Exercise 4.16 Simulate counting the number of heads seen when flipping a coin 6 times. (Hint, use table())

  1. Does it matter if you sample with or without replacement? Why or why not?
  2. Calculate the observed probability of success, \(\hat p\).
  3. Now change the probabilities so it is no longer a fair coin and repeat. How closely does your \(\hat p\) track the true value?

 

Exercise 4.17 In section 4.5 code was given to simulate the roll of two six sided dice and calculate the sum.

  1. Modify that code to run 1000 samples.
  2. Create a well labeled histogram of your results, using the truehist() function. Comment on the shape of the distribution.

 

Exercise 4.18 Simulate the distribution of the maximum of rolling two six sided die. Use a for{} loop. b. Create a well labeled histogram of your results, using the truehist() function. Comment on the shape of the distribution.

 

Exercise 4.19 Imagine a situation where you have a bowl with 5 different colored Skittles, but not in equal probabilities. Let’s assume the bowl contains 6 Yellow, 5 Orange, 6 Red, 3 Green and 4 Purple candies.

  1. What is the maximum number you can draw without replacement (if there is one)? What is the maximum number you can draw with replacement (if there is one)?

  2. Using the sample() function, write a short bit of R code to simulate drawing 12 candies from the bowl, without replacement. (Hint: be careful about creating your full sample. Maybe the rep() function is useful?) Then use the table() function to count the results of each candy. Print out an example.

  3. Use the barplot() function on the table() results to plot the probability distribution of a single draw. However, this isn’t quite right because of our y axis. Instead, create a histogram of table()/12 (since you sampled 12 candies) of course putting the appropriate variable within the parenthesis.

  4. Is your plot from (c) representative of the true probabilities of drawing different candy colors? Why or why not?

 

Exercise 4.20 (CHALLENGING!) Continuing with the above example, we will now use simulation to look at the distribution of how many Yellow candies we could draw (out of 12).

  1. First, we need to extract counts from our simulated results. Suppose you had a color “X” and your sample was stored in variable a, you could use table() but it doesn’t do well when the are 0 results for a given color. Instead, inspect the following code:
sum(a=="X")  ## but change "X" to be the color you want

Explain what this code does and verify that it works correctly.

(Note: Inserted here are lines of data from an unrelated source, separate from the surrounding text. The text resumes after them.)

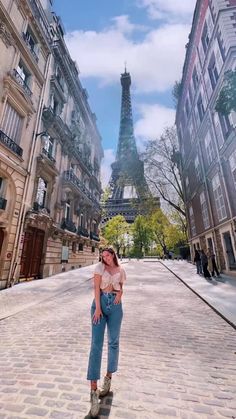 a woman standing in front of the eiffel tower with her hands on her hips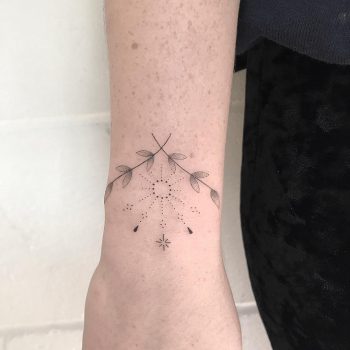 Hand-poked bracelet by Femme Fatale Tattoo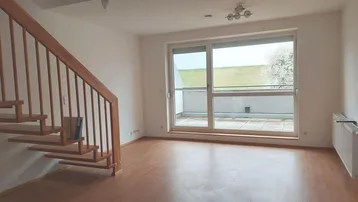 Helles Wohnzimmer mit Holztreppe, Laminatboden und Zugang zu einer Terrasse mit Blick ins Grüne.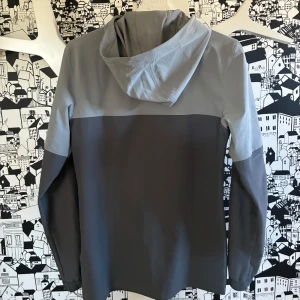 Grå vindjacka från Under Armour - Hejsan, säljer just nu en snygg tvåfärgad vindjacka från Under Armour i ljusgrått och mörkgrått. Jackan är i storlek xs och har huva, dragkedja hela vägen och en bröstficka med dragkedja. Säljer pågrund av att den var för liten på mig 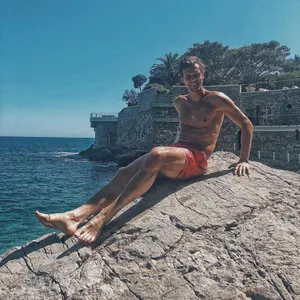 Tomas Berdych Sitting On Rock Wallpaper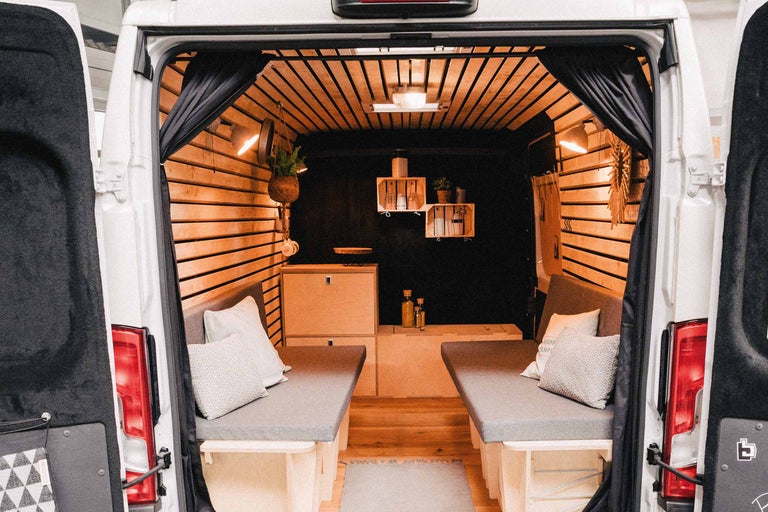 Interieur van een omgebouwde bestelwagen met houten lambrisering, bedden en een kitchenette.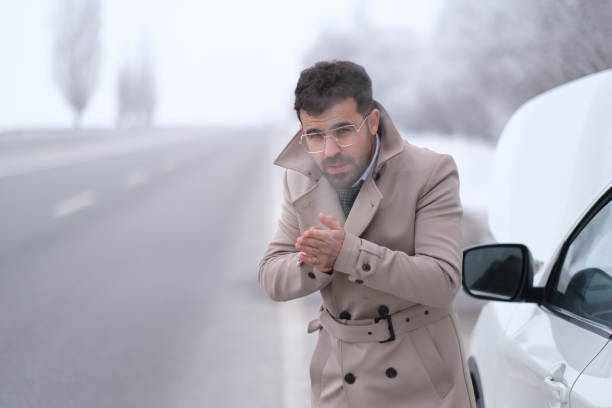 istock Handsome Man Standing Near Car With Open Hood 1476130669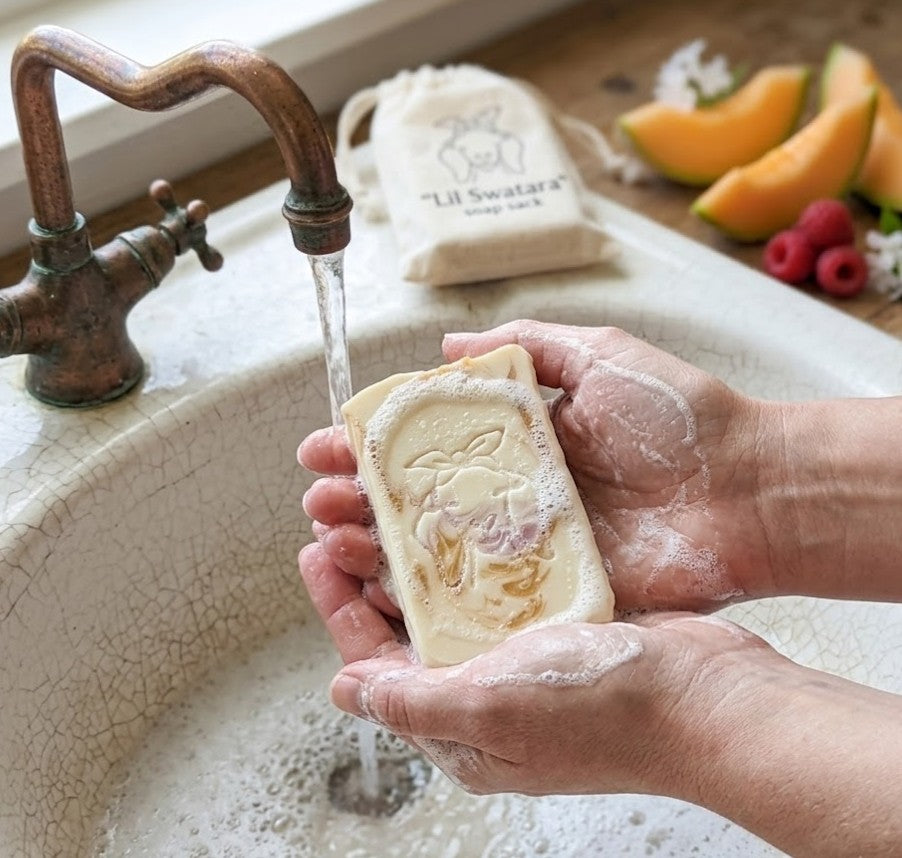 Hands cupping a creamy, embossed Raspberry Melon goat milk soap bar under a vintage copper faucet in a porcelain basin, with a Lil Swatara branded muslin soap sack and fresh melon and raspberry garnishes in the background.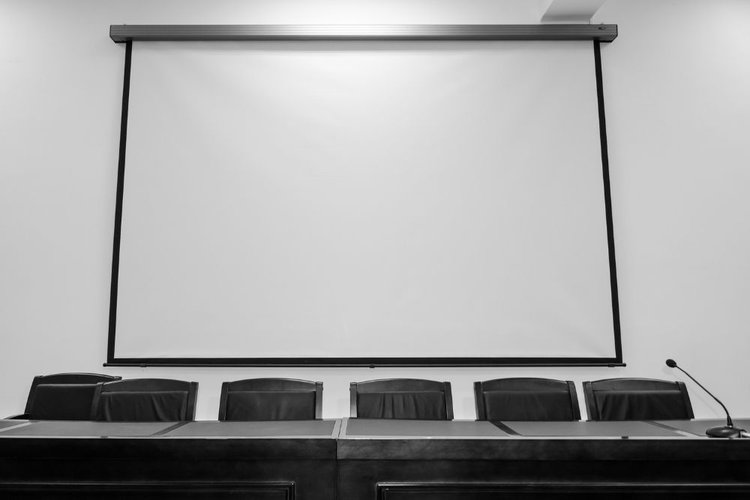 a pull down retractable projector screen in a meeting room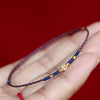 Close up of a blue and red braided cord bracelet with a gold coin charm held in hand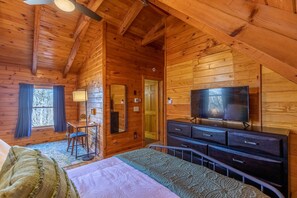 A wooden cabin bedroom with a bed, dresser, TV, desk, chair, and a window with curtains.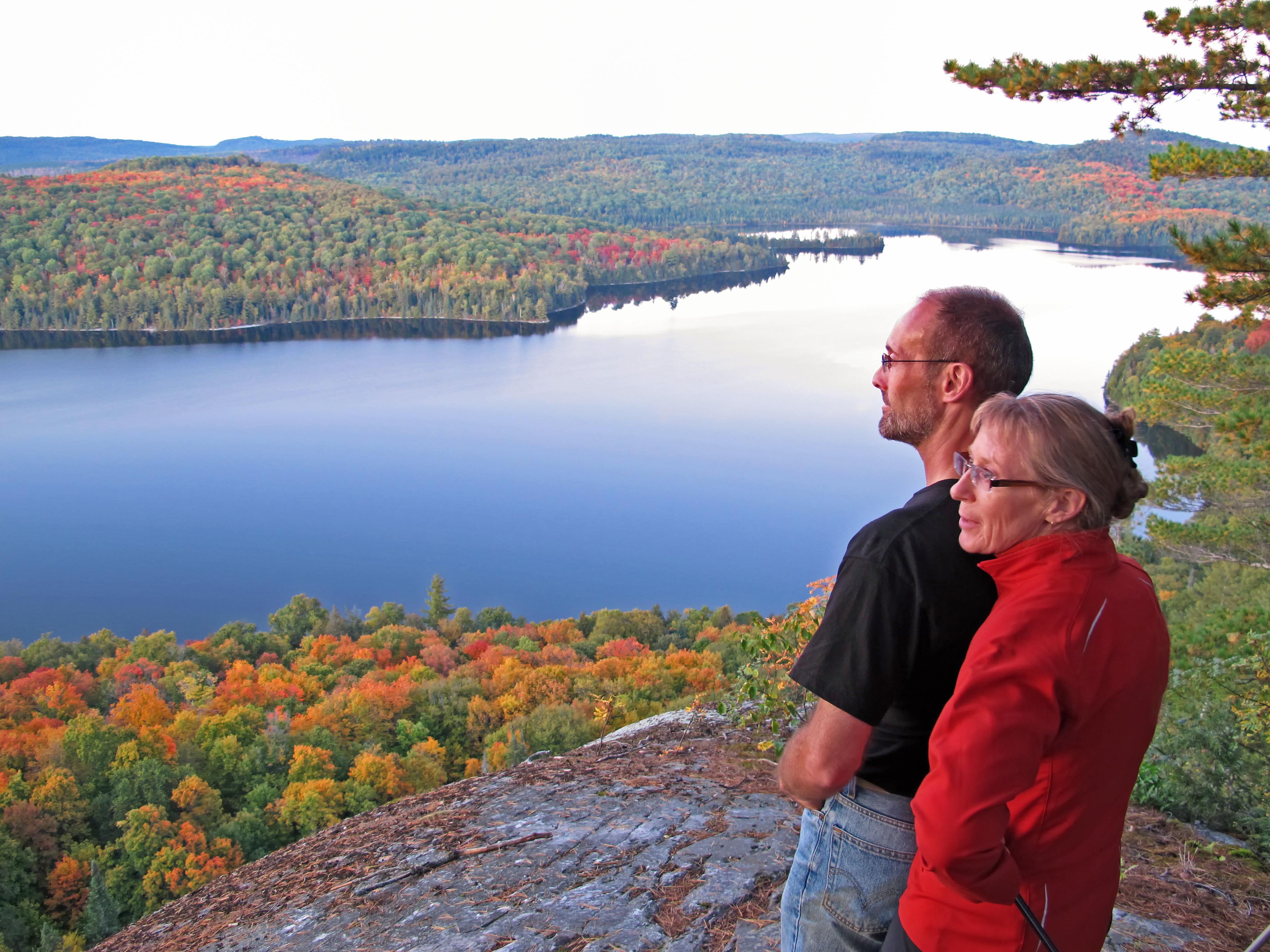 two hikers looking over fall forest and lake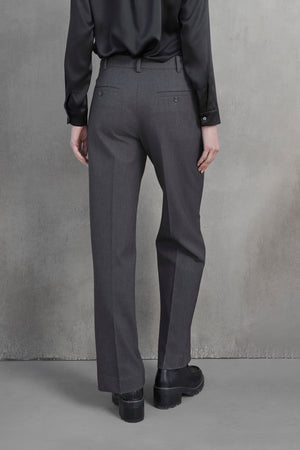 Back view of a person wearing a black long-sleeve shirt, Velvet by Jenny Graham's PRINCE PANT in gray suiting fabric, and black shoes standing against a plain, gray textured wall.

  1. Let’s now simulate the probability of drawing 0, 1, 2 … yellow candies. You’ll use a for{} loop to run 10,000 simulations. Some scaffolding is provided below. Fill in the for loop as necessary to store the results from each simulation.
## Create storage for the simulations
rslt <- vector("numeric", 10000)

for (i in 1:10000) {
  ## Take a single sample of 12 candies
  
  ## Extract the number of Yellow.  
  
  ## Store the value in the rslt vector
  rslt[i] <- ...
}

## plot a histogram of the rslt vector
  1. Add code to plot a histogram of the rslt vector as shown on the last line. Is this a probability distribution, why or why not?